Özpınar çalışmasında ilk olarak tarih yazım modellerini inceliyor. Devamındaki Anlatı Düzeni: Dönemselleştirmeler bölümünde Modern, Çağdaş, Güncel tartışmalarını Büyük Dönemler başlığı altında topluyor. Küçük Dönemler başlığı altına da Gruplar, Üsluplar ve Kuşakları ele alıyor. Kanon ve İlkler, Öncüler, Temsilciler bölümüyse nirengi kişileri ve olguları öne çıkarıyor. Farklılıkların İnşası bölümüyse Kadın Sanatçılar ve Etnik, Dinsel ve Linguistik Kimlikler alt başlıklarıyla ana akım anlatıları kıran öznelerin önemine gelmiş oluyor. "Sanat tarihi yerine, kimi zaman sanat tarihleri demeyi seçiyorum. Sanat tarihsel anlatılar arasındaki farklılıklar yeni geçmişler, yeni hikayeler ve yeni tarihler oluşturuyor," diyor önsözde Özpınar. Farklılıklar üzerine getirilen bu bakış da kitabın en kuvvetli yönünü oluşturuyor.
Özpınar kitabında ele alınan metinler üzerinden çeşitli tablolar oluşturmuş. Farklı yazarların metinlerde oluşturduğu dönemselleştirme önerilerini bir tablo üzerinde görmek büyük anlatılar görmeye alışkın gözler için karmaşık bir yapı sunuyor. Ancak bir yandan da sanatımızın farklı aktörlerinin ve olgularının iç içeliğini görme olanağı da sağlıyor. Bir yandan da Özpınar'ın Art Unlimited röportajında bahsettiği gelişme diskuruna karşı verimli bir alan sunuyor. "Özellikle dikkat ederek gelişme, ivme gibi sözcükleri kullanmadım. Eleştirdiğim şeylerden biri bu! Böyle bir 'gelişme'ye ihtiyacımız var mı? Hangi 'gelişme' bu? Kime göre, neden gelişiyoruz?
AKADEMİ VE SİVİL TARTIŞMADA ÜZERİNDE DURULMASI GEREKEN METİNLER
Gelişmeye neden bu kadar takmışız? İçinden çıkmak mümkün mü bilemem ama fark etmek mümkün," diyor Özpınar röportajında. Ve eleştiri eksikliğimize dair söylemin de sorunlarına vurmuş yapmış oluyor bu vesileyle. "Sorun belki de bir alanda 'gelişme' görmediğimizi düşündüğümüzde bunu hep bir 'eksiklik' olarak yorumlamak."
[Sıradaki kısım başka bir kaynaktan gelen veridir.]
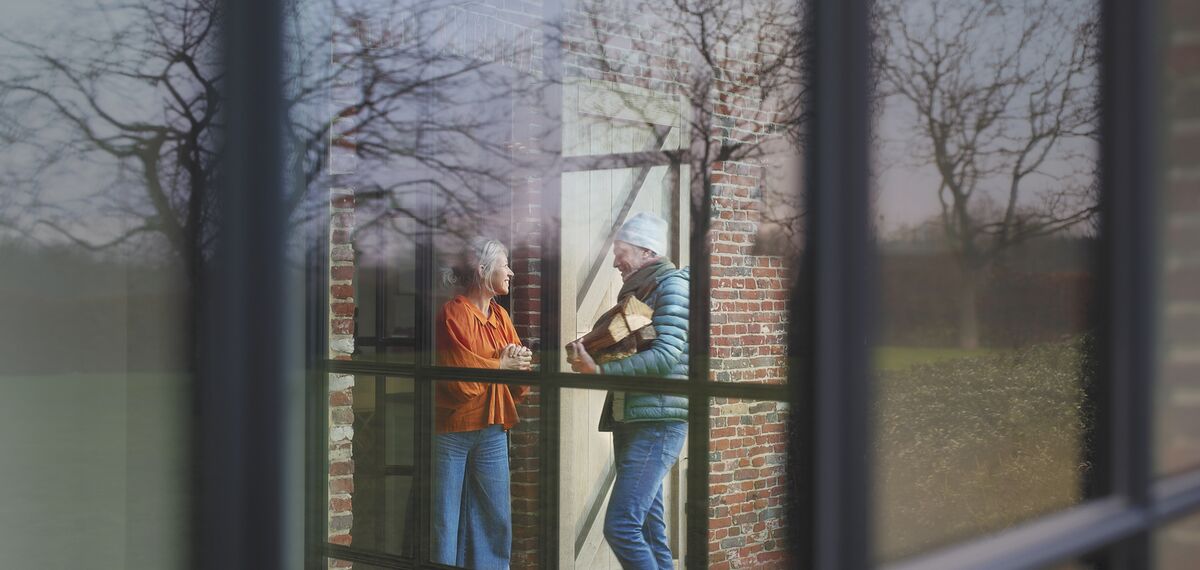 Man en vrouw praten met elkaar naast aluminium raam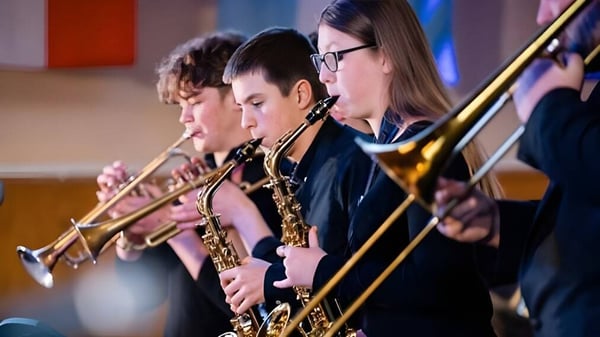 Eine Gruppe Musiker spielt auf der Bühne der Felsted School verschiedene Blech- und Blasinstrumente vor buntem Hintergrund.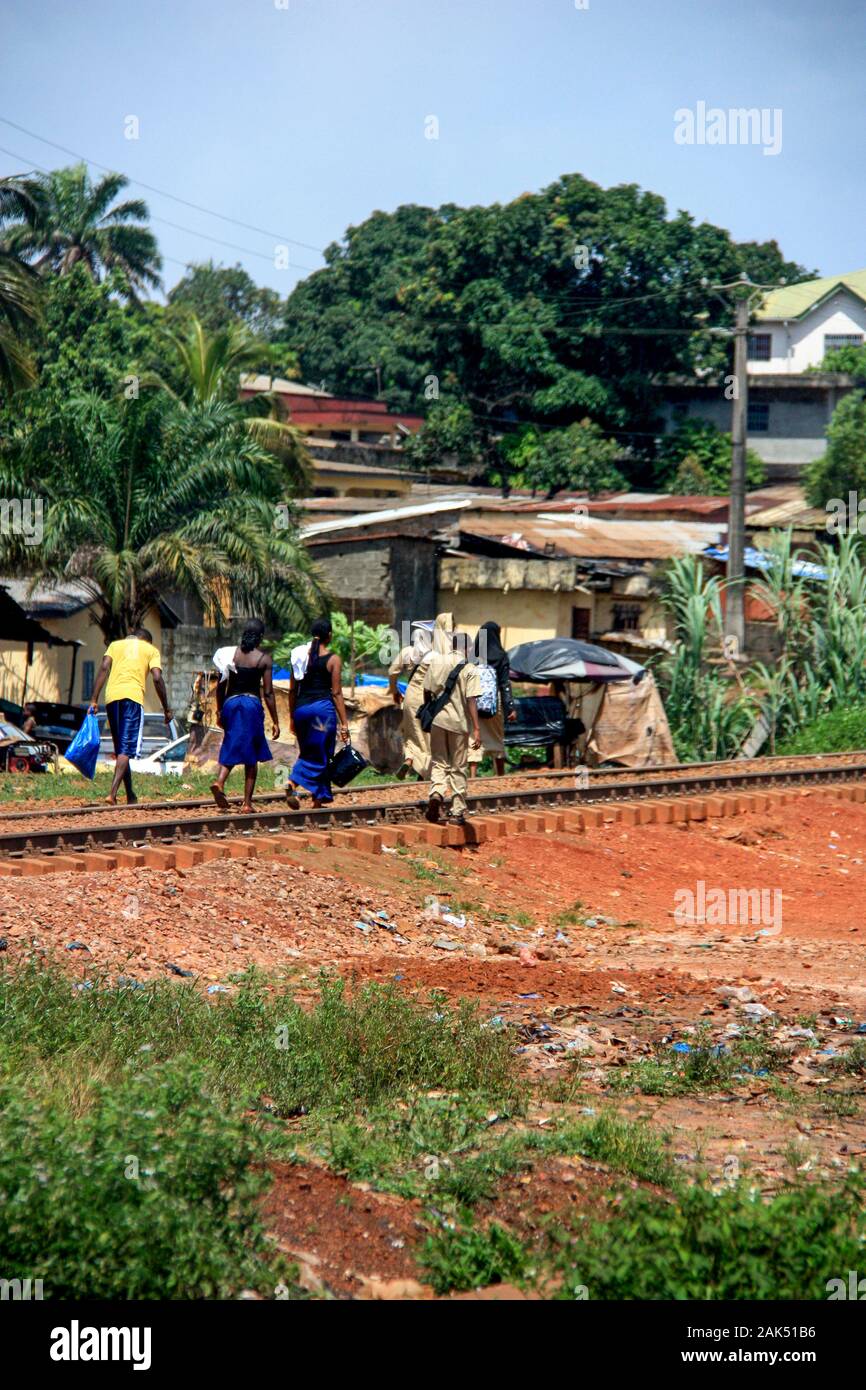 Afrikanische Menschen gehen auf Bahnstrecken in Conakry, Guinea, Westafrika Stockfoto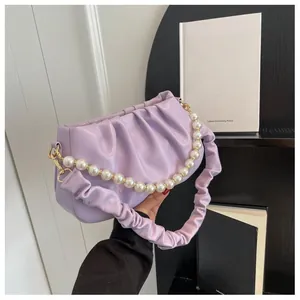 Detailed close-up of lavender pleated cloud bag with elegant white pearl chain strap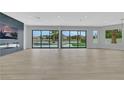 Spacious living room with wood floors, a modern fireplace, and expansive sliding glass doors to the backyard at 2589 Sun Reef Rd, Las Vegas, NV 89128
Ceren Özpınar'ın "Türkiye'de Sanat Tarihi Yazımı" kitabı hem sanat tarihi çalışmalarımız açısından önemli bir boşluğu dolduruyor, hem de yeni tartışma olanaklarına alan açıyor. Akademide ve sivil tartışma alanlarında üzerinde durulması gereken bir çalışma.